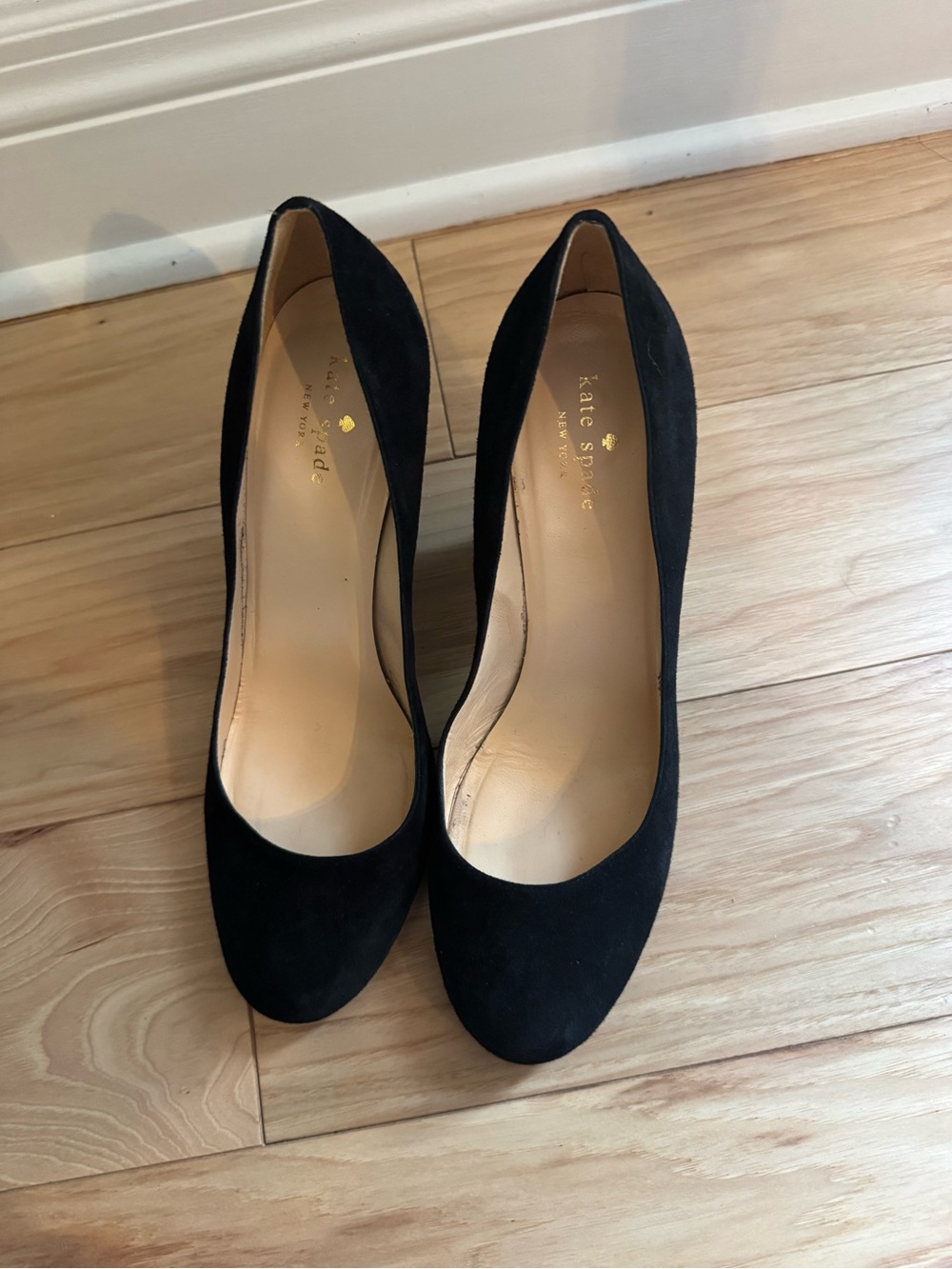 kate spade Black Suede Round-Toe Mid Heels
+ + + + +
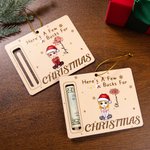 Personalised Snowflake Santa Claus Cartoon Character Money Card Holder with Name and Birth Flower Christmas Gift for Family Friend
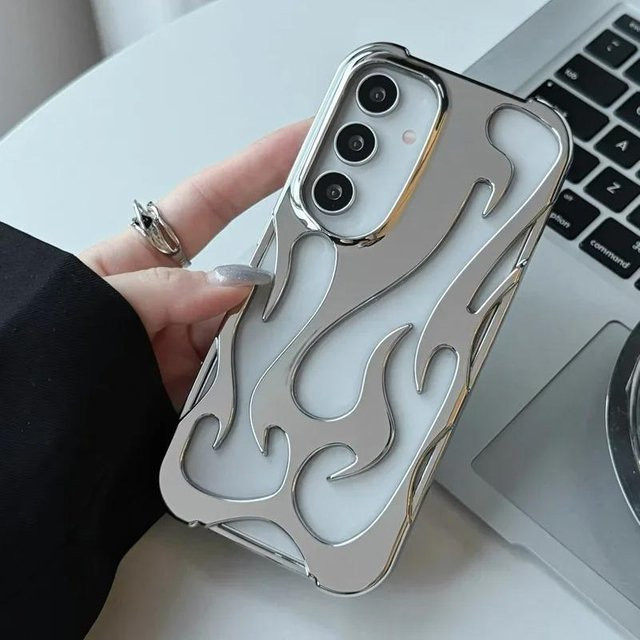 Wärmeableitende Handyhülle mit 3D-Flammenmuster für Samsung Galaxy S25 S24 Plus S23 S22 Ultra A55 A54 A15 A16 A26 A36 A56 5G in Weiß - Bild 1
+ + + + +
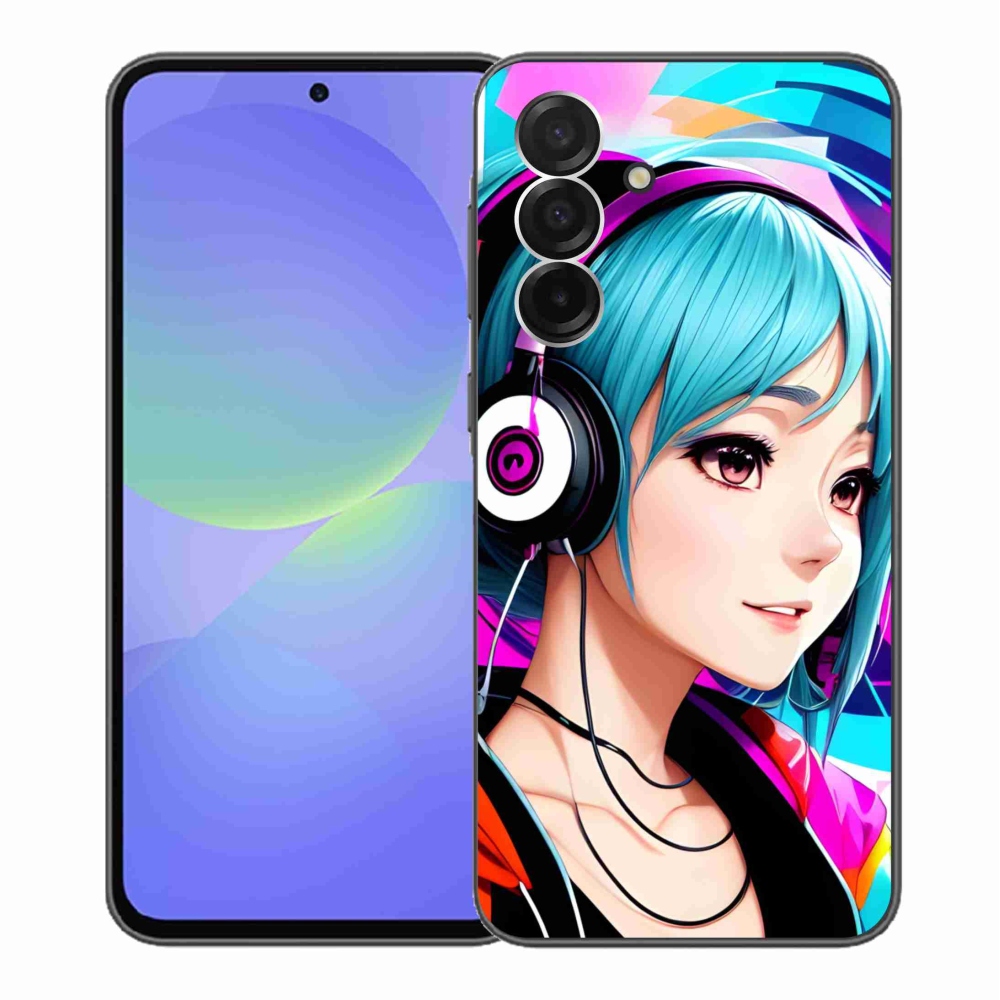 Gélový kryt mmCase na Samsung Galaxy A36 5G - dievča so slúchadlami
+ + + + +
### [ASSIGNMENT]
Reproduce exactly the lines above starting at the line containing "Personalised Snowflake Santa" and ending at the line containing "Wärmeableitende Handyhülle mit", including both, but not the pictures.

### [YOUR SOLUTION]
 Personalised Snowflake Santa Claus Cartoon Character Money Card Holder with Name and Birth Flower Christmas Gift for Family Friend
 Wärmeableitende Handyhülle mit 3D-Flammenmuster für Samsung Galaxy S25 S24 Plus S23 S22 Ultra A55 A54 A15 A16 A26 A36 A56 5G in Weiß - Bild 1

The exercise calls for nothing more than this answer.